These long-term leases generally require retail tenants to possess a triple-B or higher credit rating.

By the end of last year, some $2.7 billion worth of credit tenant lease deals were done, up from about $1.8 billion the year before, according to Anthony Napolitano, publisher of the Private Placement Monitor, a news service that specializes in tracking private-market deals. (This does not represent the total CTL market; considered private-placement transactions, CTLs are not registered with the Securities and Exchange Commission, and thus the total market volume is unknown.)

Depending on tenant strength, some spreads have tightened by 25 to 50 basis points over the 10-year Treasury, says Steven Maloy, a managing director at New York City-based net lease lender Chappo, Maloy & Co. Such tightening happened just recently, from January to mid-February, says Maloy, and that included retailers beyond those with high credit ratings.

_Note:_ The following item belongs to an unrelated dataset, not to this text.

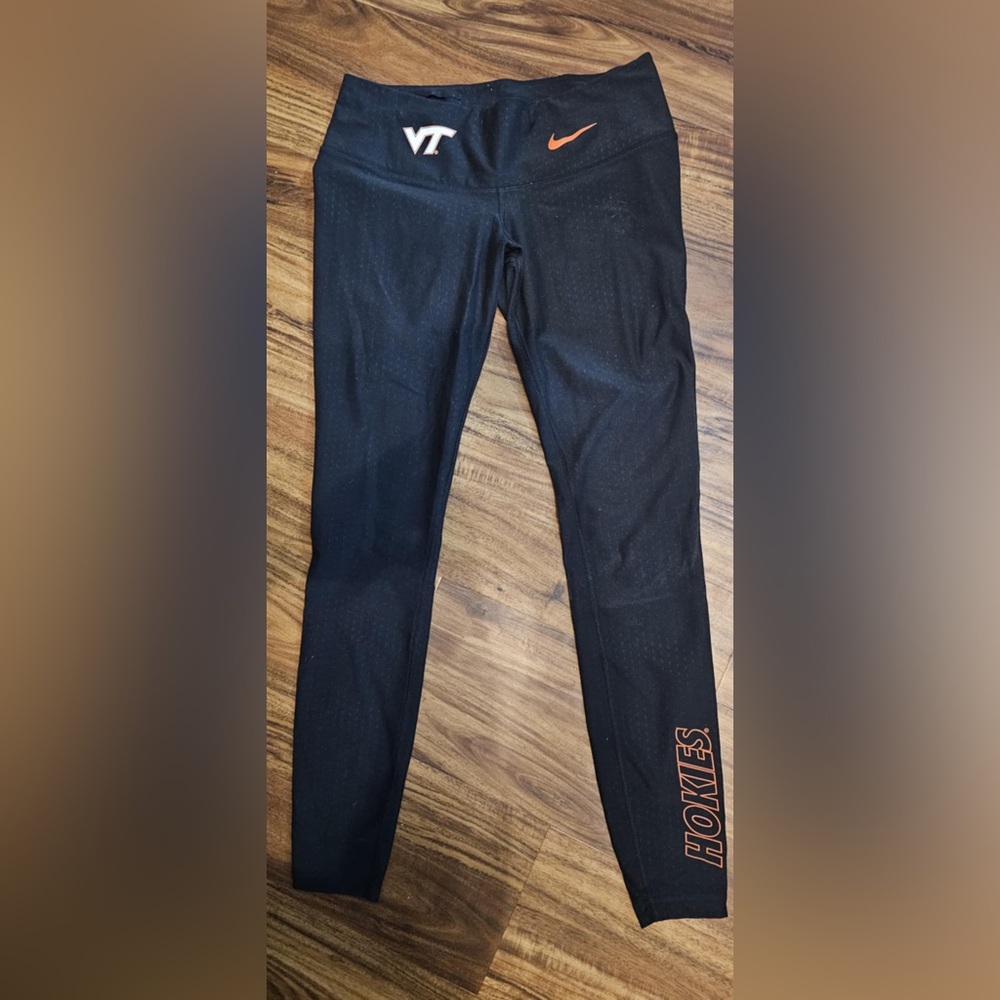 Nike Dri-FIT Black Leggings size small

CTL spreads are not tracked specifically, but because they involve corporate credit and deliver a fixed rate of return, the market uses corporate bond spreads to gauge their performance.

The spreads on triple-B-rated corporate bonds have narrowed drastically since late September 2002, when they priced at 344 basis points over the 10-year Treasury, according to Wachovia Securities.

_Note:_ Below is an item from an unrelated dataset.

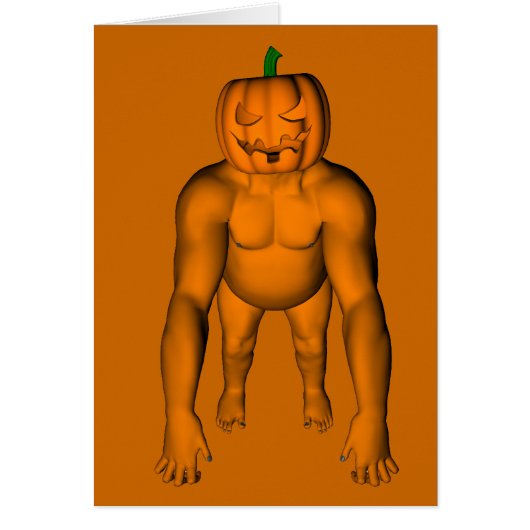 ハロウィーンゴリラ (正面)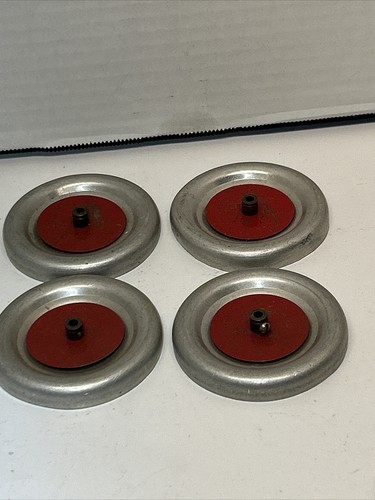 AC GILBERT ERECTOR RÄDER MH Aluminium DL12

By late March these bonds had tightened to 128 basis points over Treasuries. Single-A bond spreads closed up considerably too, pricing at 64 basis points over Treasuries, compared to 162 basis points in September 2002.

Yield-hungry investors and CTL property buyers are heating up the market, says William R. Pollert, president of Capital Lease Funding, a net lease REIT. Interest rates are so low (the 10-year Treasury was at 3.78 percent at press time) that corporate bond spreads look better than the government bond, says Pollert.

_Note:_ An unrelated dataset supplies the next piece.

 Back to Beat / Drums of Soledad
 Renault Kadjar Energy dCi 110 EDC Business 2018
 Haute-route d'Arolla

“This is an expanding area of the fixed-income, private-placement market, and it has not seen any abatement whatsoever,” said Steve Jacobson, a principal at William Blair & Co., a Chicago-based investment bank.

Cap rates, too, are dropping in the CTL market, thanks to intense competition among purchasers, says David Cobb, executive vice president and chief investment officer of Commercial Net Lease Realty, Orlando, Fla. Properties that had fetched cap rates of 9 to 9.5 percent six months ago bear only about 8 percent now, says Cobb.

To be sure, buyers are still paying for properties occupied by well-run companies, such as CVS, rated A2 rating by Moody’s. But they are also more willing to buy properties with lower-rated tenants, such as Charlotte, N.C.-based car dealer Sonic Automotive, which has a senior unsecured credit rating of B1 from Moody’s. Lower-credit-rated Eckerd and Toys ‘R’ Us, too, are among the tenants at CTL properties that are being snatched up.

As long as the retailers display certain qualities, such as being a public company with a market cap of $100 million to $1 billion, there will be buyers, industry sources say.

The CTL market may wait a long time before cap and interest rates rise, some say. For one thing, the Federal Reserve Board left the target rate unchanged in March at 1 percent, the lowest it has been since 1958. A tight market will probably keep things hot too.

“Lots of investors would like to put more money in,” said Napolitano, but that’s easier said than done. “There are just not enough deals.”